Note that in the process of creating a new thread, you need to distinguish the difference between new Thread() and new Thread().start :

• Thread#new: Create a Thread object, and it will not be mapped to a thread on the operating system. At this time, Thread#isAlive is false. Note that the thread factory in the thread pool can only create Thread objects and cannot start threads.
• Thread#start: Start the thread. The JVM creates the thread at the operating system level and binds it to the Thread object. At this time, Thread#isAlive is true.

Thread t = w.thread; t.start() in the ThreadPoolExecutor#addWorker method will trigger the execution of ThreadPoolExecutor#runWorker. The process is simplified as follows:

private final class Worker implements Runnable {

    final Thread thread; // 工作线程

    public Worker() {
        thread = new Thread(this);
        System.out.println("addWorker!");
    }

    @Override
    public void run() {
        System.out.println("runWorker!");
    }
}

/**
 * 测试在 addWorker 中触发 runWorker
 */
@Test
public void test() throws InterruptedException {
    Worker worker = new Worker();
    worker.thread.start();
    worker.thread.join();
}

4.3 Perform task runWorker

After adding a worker thread in ThreadPoolExecutor#addWorker, the worker thread will be started (Thread#start), and the worker thread will be triggered to execute the task (Thread#run).

runWorker code flow:

1. Get the task. The task may be a firstTask or a task pulled from the queue.
2. Acquire the mutex lock on the worker to ensure that no other thread can interrupt the current task unless the thread pool is closed.
3. Check the thread pool status. If it is STOP or TIDYING or TERMINATED, it means that the task is no longer needed, and the current thread is interrupted.
4. Perform pre-work beforeExecute, which is a hook method.
5. Perform the task Runnable#run.
6. Perform post-work afterExecute, which is also a hook method.

For Worker#lock, the official description:

Before running any task, the lock is acquired to prevent other pool interrupts while the task is executing, and then we ensure that unless pool is stopping, this thread does not have its interrupt set.

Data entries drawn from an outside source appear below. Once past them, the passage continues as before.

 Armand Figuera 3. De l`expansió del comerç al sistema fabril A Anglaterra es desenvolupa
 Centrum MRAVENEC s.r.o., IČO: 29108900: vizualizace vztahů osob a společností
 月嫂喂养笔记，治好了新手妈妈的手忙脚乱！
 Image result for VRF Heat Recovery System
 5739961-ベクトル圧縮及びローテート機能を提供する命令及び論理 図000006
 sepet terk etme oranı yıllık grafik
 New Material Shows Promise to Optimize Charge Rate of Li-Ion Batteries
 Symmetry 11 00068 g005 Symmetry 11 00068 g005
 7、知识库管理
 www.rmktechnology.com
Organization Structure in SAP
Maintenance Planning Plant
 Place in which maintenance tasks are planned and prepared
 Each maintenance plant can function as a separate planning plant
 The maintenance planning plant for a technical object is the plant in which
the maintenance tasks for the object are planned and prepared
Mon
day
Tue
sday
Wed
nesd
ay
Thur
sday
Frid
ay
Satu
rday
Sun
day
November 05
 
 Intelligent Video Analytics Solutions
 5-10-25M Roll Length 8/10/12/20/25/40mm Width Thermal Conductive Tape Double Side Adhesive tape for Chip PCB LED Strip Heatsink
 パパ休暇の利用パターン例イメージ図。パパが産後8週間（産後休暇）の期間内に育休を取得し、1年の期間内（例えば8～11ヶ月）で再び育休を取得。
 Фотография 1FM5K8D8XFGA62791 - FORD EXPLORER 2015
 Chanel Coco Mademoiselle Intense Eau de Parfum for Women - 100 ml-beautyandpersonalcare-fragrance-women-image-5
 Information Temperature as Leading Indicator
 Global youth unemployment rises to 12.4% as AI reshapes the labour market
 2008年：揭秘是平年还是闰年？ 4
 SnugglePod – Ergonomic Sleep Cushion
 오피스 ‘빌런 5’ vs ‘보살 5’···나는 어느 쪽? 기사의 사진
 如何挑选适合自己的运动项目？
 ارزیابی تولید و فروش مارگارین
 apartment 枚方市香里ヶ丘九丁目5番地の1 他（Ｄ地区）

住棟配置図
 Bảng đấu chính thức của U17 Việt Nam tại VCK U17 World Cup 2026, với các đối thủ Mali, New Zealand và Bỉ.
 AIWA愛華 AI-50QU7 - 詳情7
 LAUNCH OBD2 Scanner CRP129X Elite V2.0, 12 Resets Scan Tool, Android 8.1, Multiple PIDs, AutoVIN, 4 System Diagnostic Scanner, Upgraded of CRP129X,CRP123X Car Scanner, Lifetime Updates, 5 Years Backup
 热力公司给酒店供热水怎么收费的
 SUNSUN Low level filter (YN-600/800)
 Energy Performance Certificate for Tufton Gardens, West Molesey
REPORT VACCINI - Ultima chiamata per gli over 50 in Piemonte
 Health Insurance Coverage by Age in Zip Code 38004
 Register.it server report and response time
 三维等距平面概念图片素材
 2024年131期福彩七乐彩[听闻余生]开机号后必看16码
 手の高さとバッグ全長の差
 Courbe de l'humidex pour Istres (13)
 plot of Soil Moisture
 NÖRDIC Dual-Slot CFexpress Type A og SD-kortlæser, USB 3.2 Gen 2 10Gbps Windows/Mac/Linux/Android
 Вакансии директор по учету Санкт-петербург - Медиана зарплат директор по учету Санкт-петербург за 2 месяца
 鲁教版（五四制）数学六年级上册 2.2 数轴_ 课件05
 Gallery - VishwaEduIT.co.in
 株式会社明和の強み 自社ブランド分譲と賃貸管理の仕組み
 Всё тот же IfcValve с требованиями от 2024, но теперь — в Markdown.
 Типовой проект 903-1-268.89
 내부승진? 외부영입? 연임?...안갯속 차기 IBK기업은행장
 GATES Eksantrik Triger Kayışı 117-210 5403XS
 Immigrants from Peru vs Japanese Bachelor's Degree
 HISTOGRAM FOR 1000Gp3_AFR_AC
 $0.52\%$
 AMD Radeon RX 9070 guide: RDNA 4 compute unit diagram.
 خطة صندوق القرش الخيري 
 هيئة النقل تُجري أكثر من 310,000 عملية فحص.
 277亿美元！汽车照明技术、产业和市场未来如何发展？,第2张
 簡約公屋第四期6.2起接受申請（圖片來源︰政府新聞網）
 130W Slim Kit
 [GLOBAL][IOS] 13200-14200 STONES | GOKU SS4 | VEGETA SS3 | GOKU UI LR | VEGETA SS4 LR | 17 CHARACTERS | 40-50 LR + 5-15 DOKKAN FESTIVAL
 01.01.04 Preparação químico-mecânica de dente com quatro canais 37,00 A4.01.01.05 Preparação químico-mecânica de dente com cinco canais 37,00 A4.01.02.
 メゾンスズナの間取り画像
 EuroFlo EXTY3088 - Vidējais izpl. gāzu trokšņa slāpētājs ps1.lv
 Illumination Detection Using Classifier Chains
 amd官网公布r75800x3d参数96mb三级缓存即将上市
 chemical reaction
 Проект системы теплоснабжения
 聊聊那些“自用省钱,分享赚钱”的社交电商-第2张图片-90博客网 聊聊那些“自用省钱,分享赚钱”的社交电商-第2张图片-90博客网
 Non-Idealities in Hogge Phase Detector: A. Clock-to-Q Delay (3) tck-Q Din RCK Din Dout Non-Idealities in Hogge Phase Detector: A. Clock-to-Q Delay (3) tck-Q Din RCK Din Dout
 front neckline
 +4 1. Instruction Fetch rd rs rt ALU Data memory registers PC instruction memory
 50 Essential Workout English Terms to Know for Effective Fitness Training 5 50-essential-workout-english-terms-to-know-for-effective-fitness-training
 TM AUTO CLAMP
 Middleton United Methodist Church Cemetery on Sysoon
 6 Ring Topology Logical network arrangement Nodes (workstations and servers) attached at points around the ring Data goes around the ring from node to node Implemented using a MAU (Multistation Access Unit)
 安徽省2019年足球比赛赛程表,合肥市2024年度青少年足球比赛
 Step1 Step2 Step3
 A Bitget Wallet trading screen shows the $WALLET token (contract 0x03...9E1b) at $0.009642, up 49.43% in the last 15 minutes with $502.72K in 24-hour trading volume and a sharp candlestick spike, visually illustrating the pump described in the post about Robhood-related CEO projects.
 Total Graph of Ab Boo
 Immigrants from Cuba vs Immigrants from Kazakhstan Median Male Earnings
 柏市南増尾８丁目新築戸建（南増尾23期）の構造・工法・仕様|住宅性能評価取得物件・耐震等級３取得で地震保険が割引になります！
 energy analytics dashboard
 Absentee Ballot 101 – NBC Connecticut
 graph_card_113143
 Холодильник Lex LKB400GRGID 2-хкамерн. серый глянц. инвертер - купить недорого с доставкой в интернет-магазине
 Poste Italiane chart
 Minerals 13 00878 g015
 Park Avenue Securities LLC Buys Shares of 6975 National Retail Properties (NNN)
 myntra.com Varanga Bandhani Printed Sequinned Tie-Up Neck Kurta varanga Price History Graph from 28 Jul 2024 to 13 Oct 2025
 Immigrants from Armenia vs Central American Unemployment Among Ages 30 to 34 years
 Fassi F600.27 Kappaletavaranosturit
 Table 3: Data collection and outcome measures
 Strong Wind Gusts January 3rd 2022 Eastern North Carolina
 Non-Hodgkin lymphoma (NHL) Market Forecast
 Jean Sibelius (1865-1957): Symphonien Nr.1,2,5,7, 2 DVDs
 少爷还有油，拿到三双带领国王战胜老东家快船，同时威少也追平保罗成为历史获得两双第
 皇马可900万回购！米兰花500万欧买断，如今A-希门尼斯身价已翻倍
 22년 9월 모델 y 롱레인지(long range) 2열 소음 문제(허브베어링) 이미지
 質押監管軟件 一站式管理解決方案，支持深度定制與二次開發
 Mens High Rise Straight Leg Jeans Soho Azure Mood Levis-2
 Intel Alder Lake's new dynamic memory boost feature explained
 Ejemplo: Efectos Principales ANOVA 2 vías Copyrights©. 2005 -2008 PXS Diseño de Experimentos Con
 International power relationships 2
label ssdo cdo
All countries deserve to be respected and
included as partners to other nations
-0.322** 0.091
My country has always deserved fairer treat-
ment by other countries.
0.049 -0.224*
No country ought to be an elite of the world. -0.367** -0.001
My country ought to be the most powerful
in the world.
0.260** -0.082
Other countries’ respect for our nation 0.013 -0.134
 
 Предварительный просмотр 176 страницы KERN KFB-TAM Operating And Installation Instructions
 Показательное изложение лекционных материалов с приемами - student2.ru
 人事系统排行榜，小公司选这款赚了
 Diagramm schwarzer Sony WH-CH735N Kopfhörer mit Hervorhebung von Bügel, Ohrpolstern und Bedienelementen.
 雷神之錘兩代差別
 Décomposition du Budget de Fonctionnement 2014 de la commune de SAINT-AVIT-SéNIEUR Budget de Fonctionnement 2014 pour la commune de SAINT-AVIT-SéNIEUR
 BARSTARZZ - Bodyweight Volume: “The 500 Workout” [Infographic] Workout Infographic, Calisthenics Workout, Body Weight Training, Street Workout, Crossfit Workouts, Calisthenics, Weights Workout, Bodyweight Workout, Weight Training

java.util.concurrent.ThreadPoolExecutor#runWorker

final void runWorker(Worker w) {
    Thread wt = Thread.currentThread();
    Runnable task = w.firstTask;
    w.firstTask = null;
    w.unlock(); // allow interrupts // 初始化 state 为 0
    boolean completedAbruptly = true;
    try {
        while (task != null || (task = getTask()) != null) { // firstTask 不为空，或者从队列拉取到任务不为空
            w.lock(); // 加锁，确保除非线程池关闭，否则没有其他线程能够中断当前任务
            if ((runStateAtLeast(ctl.get(), STOP) ||
                 (Thread.interrupted() &&
                  runStateAtLeast(ctl.get(), STOP))) && // 如果线程池状态 >= STOP，则中断当前线程，不需要执行新任务
                !wt.isInterrupted())                    // 这里可能会两次执行 isInterrupted，是为了避免 shutdownNow 过程中清除了线程中断状态
                wt.interrupt();
            try {
                beforeExecute(wt, task); // 前置工作，预留
                Throwable thrown = null;
                try {
                    task.run(); // 执行任务
                } catch (RuntimeException x) {
                    thrown = x; throw x;
                } catch (Error x) {
                    thrown = x; throw x;
                } catch (Throwable x) {
                    thrown = x; throw new Error(x);
                } finally {
                    afterExecute(task, thrown); // 后置工作，预留
                }
            } finally {
                task = null;
                w.completedTasks++;
                w.unlock();
            }
        }
        completedAbruptly = false; // 走到这里说明线程没有任务可执行
    } finally {
        processWorkerExit(w, completedAbruptly); // 工作线程退出
    }
}

4.4 Get task getTask

In ThreadPoolExecutor#runWorker, before the worker thread executes the task, if firstTask is empty, call getTask() to get the task from the queue.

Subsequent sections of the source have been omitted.